[ACTIVITY]
Reproduce only the lines below from the line containing "Body Cottelli Collection" to the line containing "Nordic Modern Einfarbig", exactly as written, with both end lines kept. Omit the pictures.

Recorded data:
***

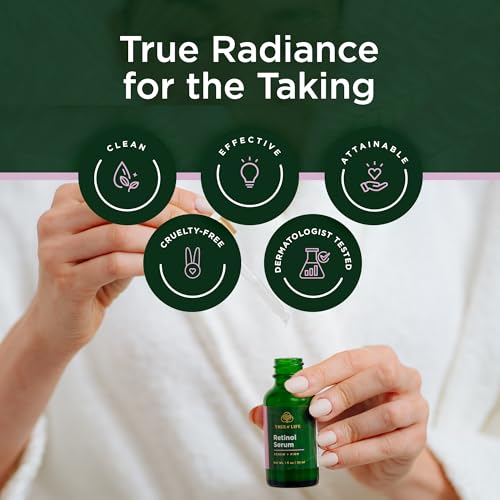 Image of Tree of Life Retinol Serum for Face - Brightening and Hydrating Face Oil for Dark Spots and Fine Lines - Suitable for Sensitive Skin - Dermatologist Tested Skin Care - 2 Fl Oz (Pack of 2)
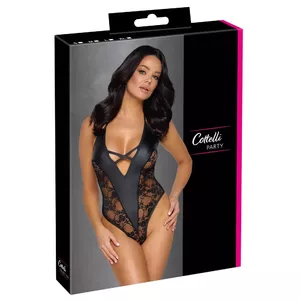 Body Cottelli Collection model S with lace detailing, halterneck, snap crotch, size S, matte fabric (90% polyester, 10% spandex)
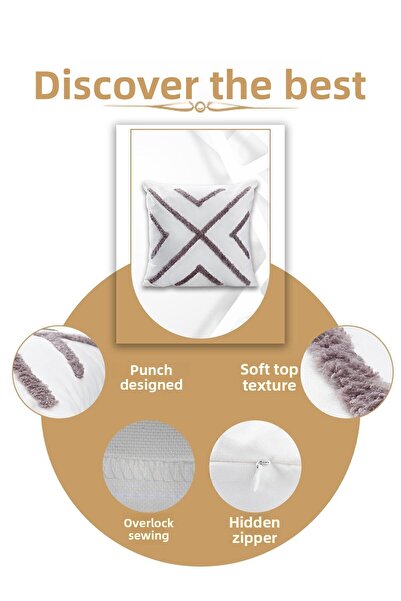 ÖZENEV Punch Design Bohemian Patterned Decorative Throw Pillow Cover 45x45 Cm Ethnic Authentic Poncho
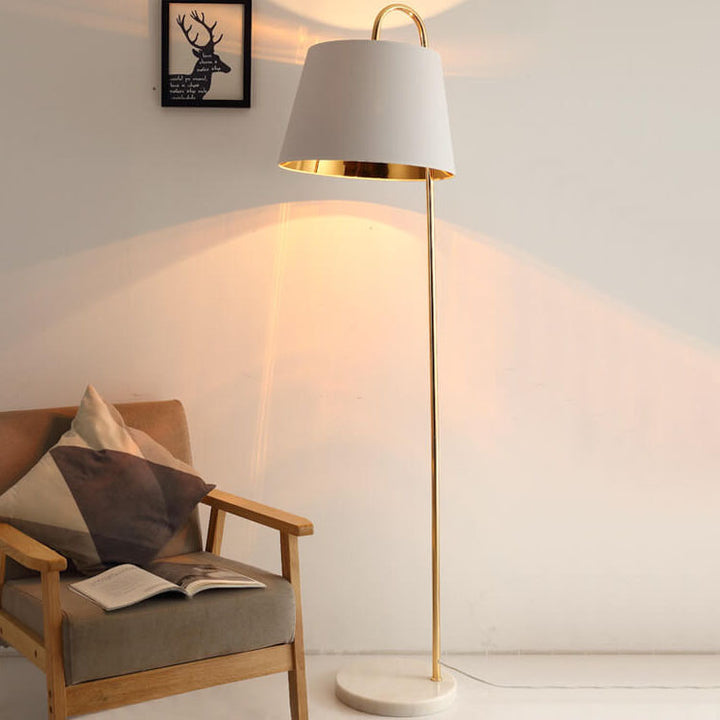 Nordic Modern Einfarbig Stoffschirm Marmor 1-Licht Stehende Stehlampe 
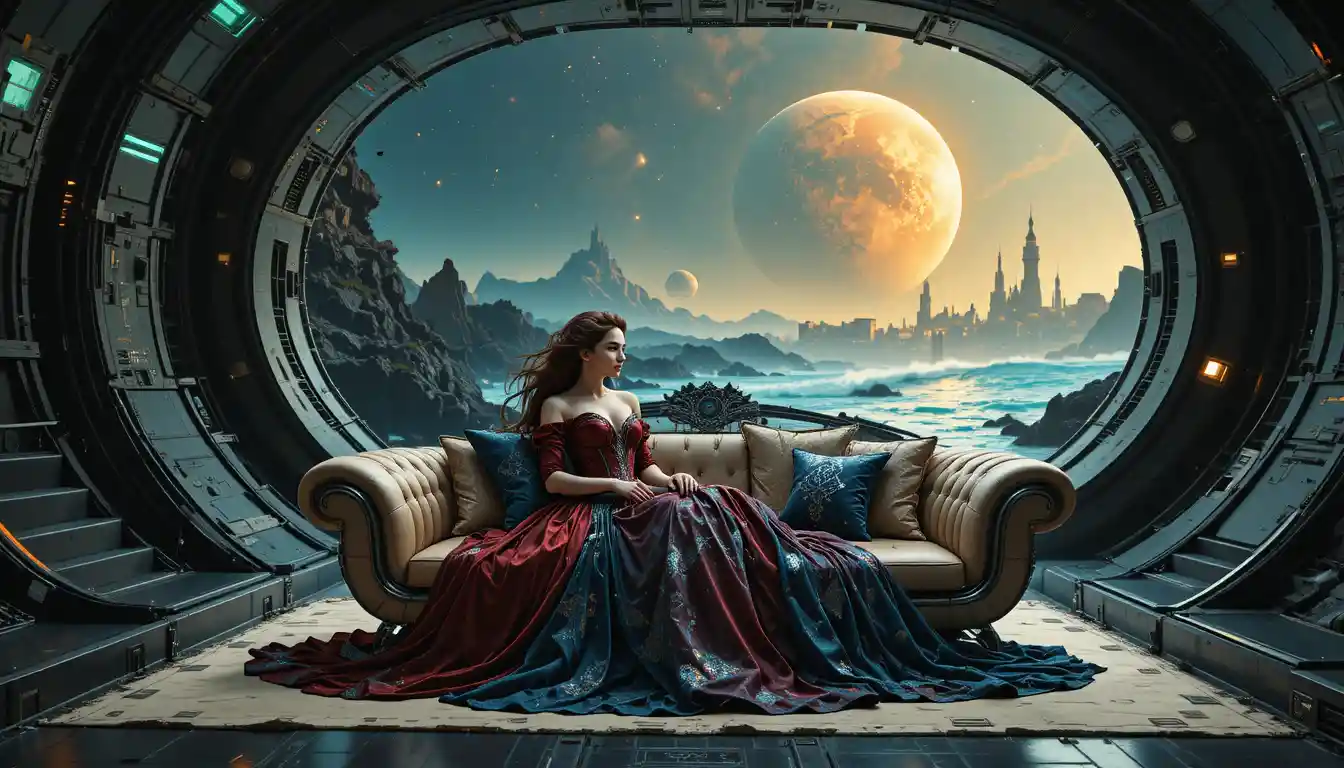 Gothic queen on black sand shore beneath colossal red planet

***

[ANSWER FOR THE TASK]
 Body Cottelli Collection model S with lace detailing, halterneck, snap crotch, size S, matte fabric (90% polyester, 10% spandex)
 ÖZENEV Punch Design Bohemian Patterned Decorative Throw Pillow Cover 45x45 Cm Ethnic Authentic Poncho
 Nordic Modern Einfarbig Stoffschirm Marmor 1-Licht Stehende Stehlampe 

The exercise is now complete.